Ensure that hay is picked up off the land in a timely manner.  If it remains too long it kills grass and that is how weeds take over.  Unless equipment breaks down or it pours rain we get hay off within 4 or five days.  If renters have to haul a distance and it takes them days to get done?  Then have them stockpile hay bales on a plot as you can reseed that if it kills grass.


----------



## farmerjan (Sep 12, 2018)

There are as many types of leases as there are people. 
If it is marginal hay ground, neglected or weedy, then often we have gotten the land for the first year for no cost in order to do some improvements in the grass.  I think you would be good to go back to that person that you had come out to look at the land and see what their opinion is.  Most extension services here have a basic formula and idea of what land is leasing in the area; with type of grass/hay and such taken in consideration.
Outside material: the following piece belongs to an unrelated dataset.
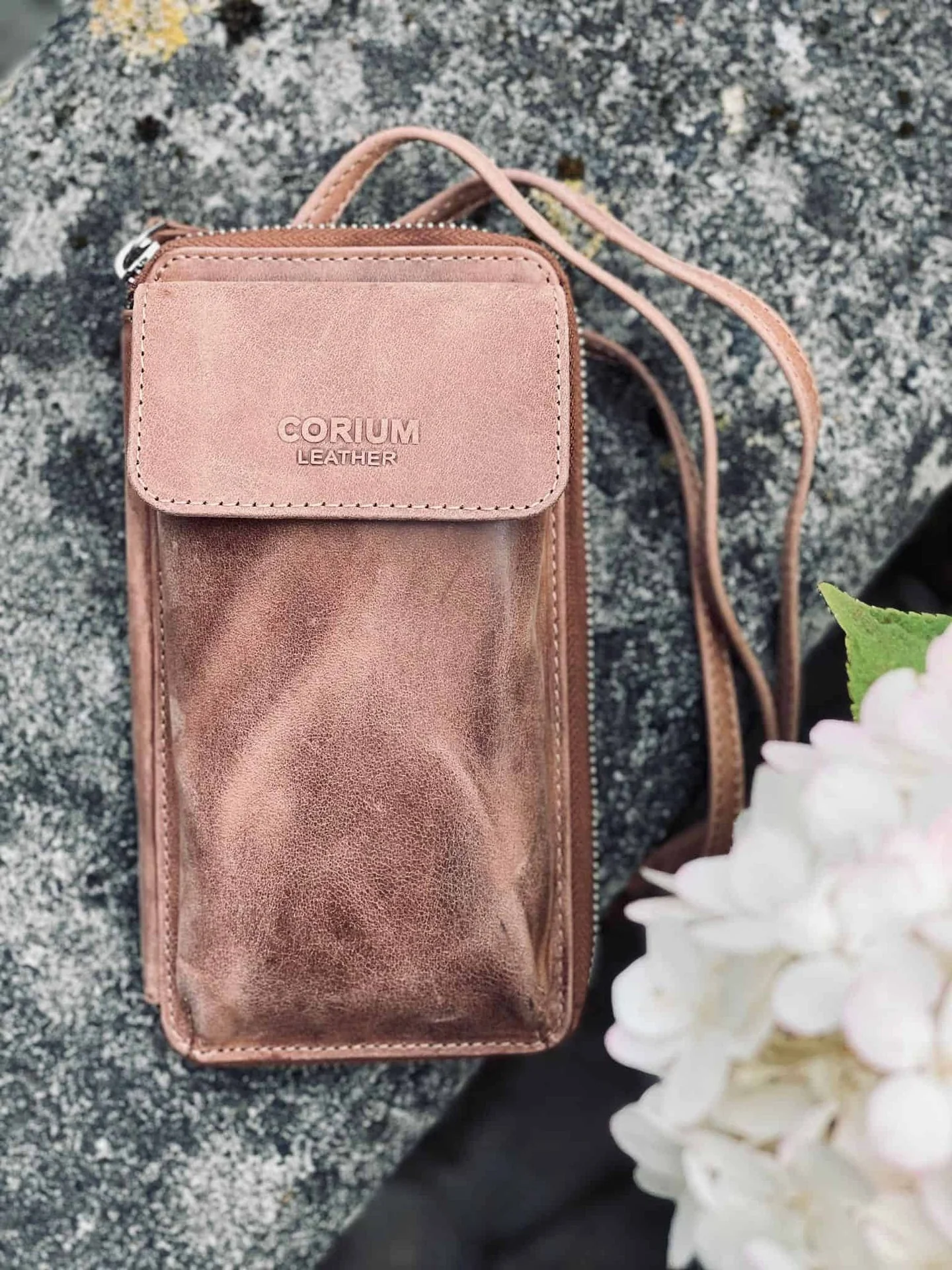 Mobil crossbody FREJA, Raw brown - Image 2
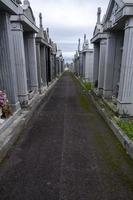 vieux cimetière avec la mer en arrière-plan photo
Long term leases definitely do provide for and allow the person leasing it to do some improvements and to benefit from them.  Let's face it, as a farmer, we want to get the most return off the land for our time and labor.  It is in our best interest to have a good hay crop so that we are not running our equipment over land that the resulting hay won't even pay for the time and fuel used.
BUT, you also need to be careful as to give a long term lease with no idea if it is a good and decent farmer can really screw you. 
Most leases here that are "long term" are 5 years or more.
What we have done on several places where we don't know the owner and vice versa, we do a 1 year initial lease.  We do fertilizer in the spring, usually the recommended amount of conventional chemical fertilizer.  Providing it is a somewhat normal year for rain etc, we see what the land will produce.  And the owner gets to see if we do what we say and make the hay in a timely manner, again providing we have a "normal year" and have some rain and sunny periods where we can make the hay....not like it has been here this year...UGH...
Then at the end of the year, we make a proposal to the landowner for a longer lease if we want to keep it and then do negotiating  (sp?) on what needs to be done.

Fertilizing is necessary in order to not "mine all the good out of the ground and use it up" .  Some places we split it if we do some sort of split for the hay.  One place we don't split the hay, but the landowner pays  for us to add a weed killer to the fertilizer when we get some problem weeds that inevitably creep in.  If the farmer is getting all the hay he should pay for the fertilizer....BUT the initial fertilizing is often shared if the land is starting out poor and has not been  taken care of before, or sometimes we don't pay any rent the first year.

We use quite a bit of poultry litter.  Good to add organic matter as well as the fertilizer value.  Most people who sell/haul it;  they are contracted to clean out the houses and haul it away if it is not used by the person with the houses;  will provide an analysis of the "fertilizer value":  NPK and such.  Also, they will sell it by the ton, some will spread it, others just dump it in piles and the farmer spreads it.  Make sure if you go that route, you see weigh tickets for the  loads.  Litter can vary alot according to conditions of the house, what type of poultry, how long it has been setting, stored inside or out..... this will insure that the farmer is putting down what he says....if that is how you write the lease. 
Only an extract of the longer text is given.